Nothing is needed except the lines below that run from the one with "蚯蚓活饵红虫鲜活特大号地龙鱼饵料钓鱼野钓窝料野生垂钓黄鳝小药" through the one with "Propolis Brewing Port Townsend", repeated exactly.
+-------+
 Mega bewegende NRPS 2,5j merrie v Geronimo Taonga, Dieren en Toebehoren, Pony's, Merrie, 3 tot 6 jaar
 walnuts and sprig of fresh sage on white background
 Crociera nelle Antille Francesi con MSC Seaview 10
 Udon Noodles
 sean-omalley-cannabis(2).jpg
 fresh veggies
+-------+
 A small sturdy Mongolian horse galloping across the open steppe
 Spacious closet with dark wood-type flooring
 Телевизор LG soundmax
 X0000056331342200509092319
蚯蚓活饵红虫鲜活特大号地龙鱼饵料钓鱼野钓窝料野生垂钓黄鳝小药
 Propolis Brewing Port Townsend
+-------+
[Response for this exercise]
蚯蚓活饵红虫鲜活特大号地龙鱼饵料钓鱼野钓窝料野生垂钓黄鳝小药
 Propolis Brewing Port Townsend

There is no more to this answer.